Prerequisites. No previous exposure to deep learning or NLP is assumed. However, the course will be most beneficial for students with some programming experience and familiarity with basic concepts in probability and statistics, calculus, and linear algebra. Examples of such concepts include

Random variables (continuous or discrete), expectation, mean/variance
Matrix and vector operations
Derivatives, partial derivatives, gradients
Programming (in Python): familiarity with data structures and algorithms

If you are an undergraduate, you must meet the requirements described in the CS Honors Program and submit a request form. I will not be approving requests or giving out special permission numbers until it is closer to the beginning of the semester. The prerequisites are as follows:

Required: M250 (linear algebra), 112 (data structures), 206 (discrete II)
Recommended: M251 (multivariable calculus), 533 (machine learning)
Alternatives to 206: M477 (probability), S379 (basic probability theory), or instructor's permission

Structure

Grading.

Entrance quiz: 5%
Assignments: 50%
Quizzes: 15%
Project: 30%

Entrance quiz.
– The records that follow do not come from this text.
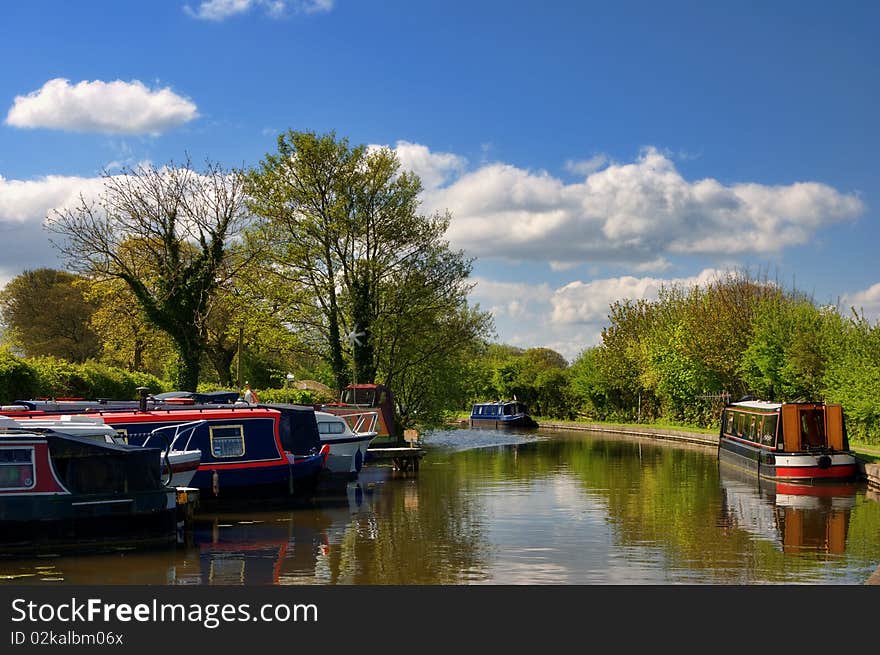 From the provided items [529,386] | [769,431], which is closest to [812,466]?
[769,431]

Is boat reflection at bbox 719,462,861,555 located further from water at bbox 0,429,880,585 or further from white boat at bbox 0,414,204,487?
white boat at bbox 0,414,204,487

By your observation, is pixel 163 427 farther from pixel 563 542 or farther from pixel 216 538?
pixel 563 542

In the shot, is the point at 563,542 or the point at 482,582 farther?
the point at 563,542

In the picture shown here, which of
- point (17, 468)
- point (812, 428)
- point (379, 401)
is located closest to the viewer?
point (17, 468)

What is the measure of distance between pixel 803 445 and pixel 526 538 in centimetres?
1393

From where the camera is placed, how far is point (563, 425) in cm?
7738

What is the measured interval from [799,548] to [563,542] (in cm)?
447

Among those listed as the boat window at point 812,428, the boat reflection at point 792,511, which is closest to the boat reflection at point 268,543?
the boat reflection at point 792,511

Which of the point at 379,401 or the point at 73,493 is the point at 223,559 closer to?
the point at 73,493

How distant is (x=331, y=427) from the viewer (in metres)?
31.0

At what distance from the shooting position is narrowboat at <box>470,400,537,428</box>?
255 feet

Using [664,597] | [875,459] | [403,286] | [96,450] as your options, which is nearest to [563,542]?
[664,597]

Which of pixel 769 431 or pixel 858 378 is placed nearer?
pixel 769 431

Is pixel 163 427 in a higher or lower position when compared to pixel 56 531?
higher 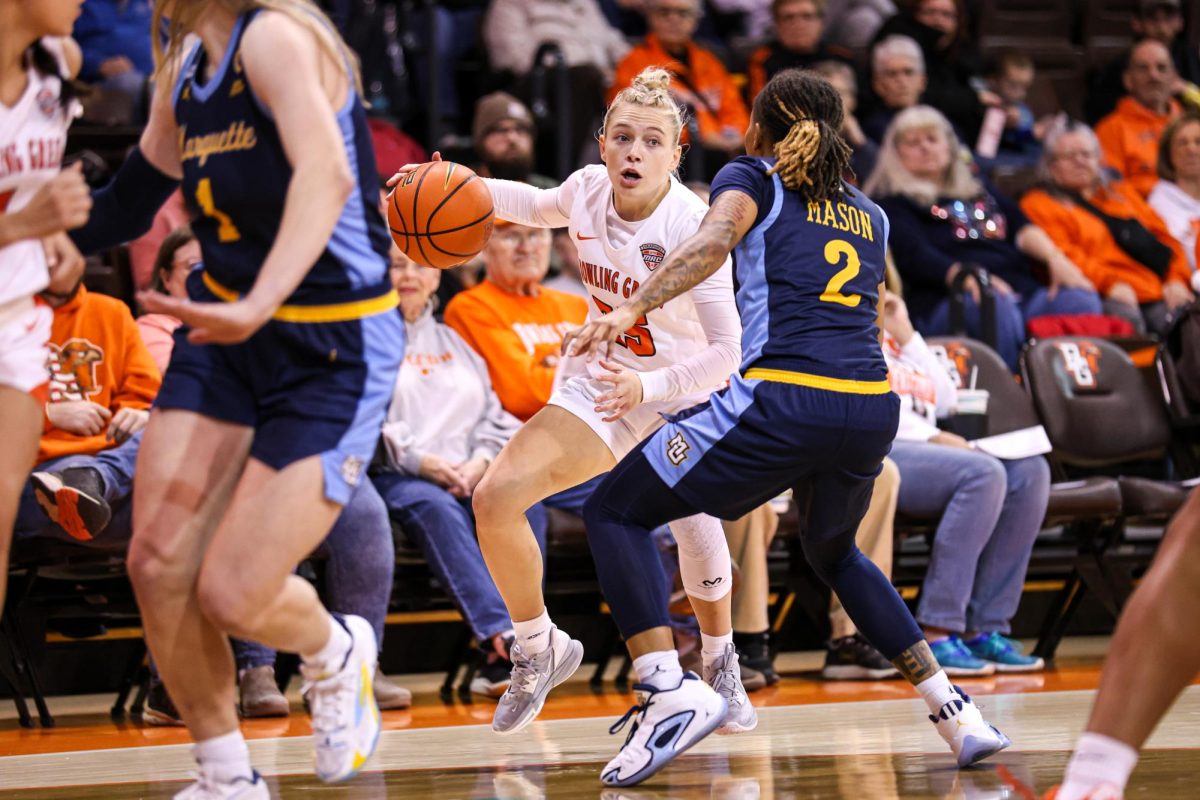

There will be an entrance quiz in the first class. It will help you assess if you have a suitable technical background.

Assignments. Assignments are the heart of this course. There will be around 4 assignments. Each assignment will have both written and programming components. For the written component, you are required to use LaTeX to write up your solutions. If you have never used LaTeX before, you can pick it up quickly (tutorial, style guide). For the programming component, you will implement and run your code online using the Jupyter Notebook on Google Colab. While this setup is slightly detached from the real-world setting (i.e., GitHub repositories), it allows everyone to get started right away in a uniform software environment.

Quizzes. There will be 3 quizzes throughout the semester each counting 5% of the grade.

Project. In the later part of the semester, you will work on a course project in conjunction with the usual coursework. The course will have provided basic knowledge to understand the current research landscape of the field. You will select a recent paper (from a list prepared by the instructor, or by special permission), replicate and possibly build on its results, present the work in class, and submit a final report. The project will be due at the end of the semester and graded as follows:

5-minute presentation (10% of the grade): You must strictly adhere to the paper-writing tips by Jennifer Widom and clearly explain (1) what the problem is, (2) why it is interesting and important, (3) why it is hard, (4) why previous approaches fail, and (5) the key components of the paper's/your approach and results.
4-page report (20% of the grade): The report will be written and evaluated like a conference paper.

Academic integrity policy.

Assignments: Collaboration is allowed and encouraged, as long as you (1) write your own solution entirely on your own, and (2) specify names of student(s) you collaborated with in your writeup. If you find a solution online, clearly acknowledge the source and still write your own solution entirely on your own. Copying solutions from others or from the internet is strictly prohibited.
Quizzes: Cheating is strictly prohibited.
Project: Collaboration up to 3 is allowed.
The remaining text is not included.